Will future historians look back on the present century, plus the past five centuries and identify them as the religious period called “Evangelical”? And if so, will there ever be a Neo-Evangelical period, or an Evangelical Renaissance? I ask because some say we are entering a post-evangelical age.
Does “evangelical” describe a collective impetus and its resultant actions among Christian believers to go and make disciples of all the world? This would qualify as a movement, which ebbs and flows throughout the entire history of Christianity, not limited to Protestantism. In this case “evangelical” would not be limited to any particular period of history.
Or, is “evangelical” an inherent trait of a person born again in Christ? In which case it would be limited to neither an historical period nor a movement. True, not all Christians are called to be evangelical by vocation, yet insofar as we all witness to Christ, we will in some way be evangelical.
The way that we define and categorize things is important, because it reflects our thinking. Why, for example, do we categorize periods of history at all? Perhaps so that we can gain a cursory understanding of them as part of our general knowledge and education, what used to be considered a “liberal arts” education. The problem with this, of course, is that when attempts are made to speak of them in more than a general way, gross oversimplification results.
In Lions and Foxes, Men and Ideas of the Italian Renaissance, Sidney Alexander begins by asking, “Was there a Renaissance?” He points out that “The Renaissance did not invent the flesh, and the joys of this world were not discovered like America in 1492.” (p. 17). Yet at the same time he acknowledges that “there is a period in Italian history...forming a cluster of traits, a physiognomy, which makes it recognizably different from that which went before and that which comes after." (p. 17)
A cluster of traits, of course, is what distinguishes anything from anything else. But it doesn’t seem that we always truly think in this way. Rather, we think in labels and broad categories, which can become abstractions if we’re not careful. In truth, certain traits may be more prevalent among more people at certain times than at other times, which enables us to identify a period of time characterized by this prevalence. But this doesn’t necessarily mean that things appear and disappear completely, with no precedent and no antecedent, never to be heard from again.
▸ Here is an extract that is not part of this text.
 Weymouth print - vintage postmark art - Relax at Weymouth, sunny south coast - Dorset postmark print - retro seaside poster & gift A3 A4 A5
The problem with recent use of the term “evangelical,” then, is that it has come to be identified with the wrong traits, due to being used as a label and a category. “Evangelical” doesn’t mean “evangelical” anymore. People make it mean what they want it to mean, to identify people the way they want them to be identified; even to identify themselves the way they want to be identified, whether accurately or not, whether associated with true evangelism or not.
As long as people are people, I’m afraid that this can never change. It’s just “one of those things,” as my step-dad used to say.
I remember a conversation I had once with a Jehovah’s Witness. She said that we must be sure to call God by his proper name, “Yeshua,” or “Jehovah,” that He’s angered if we don’t. I answered that I didn’t think that the name was as important as the identity. Myself, I would much rather that someone know me and have my name wrong than the other way around. Wouldn’t you?
The term “Christian” isn’t without it’s problems either, or rather the problem isn’t with the term but with the way it is understood and used. Which isn’t the fault of the term. So I don’t think there’s any need to reclaim terms, which are derived from certain historical meanings (as language itself is derivative) of things that don’t change, as long as people continue to live them. Let evangelicals (Christians) be truly evangelical, and let those who care about the integrity of terms (i.e., using them to mean what they truly mean and not what others want to make them mean, for their own ends) keep the trait properly named, movements and periods notwithstanding.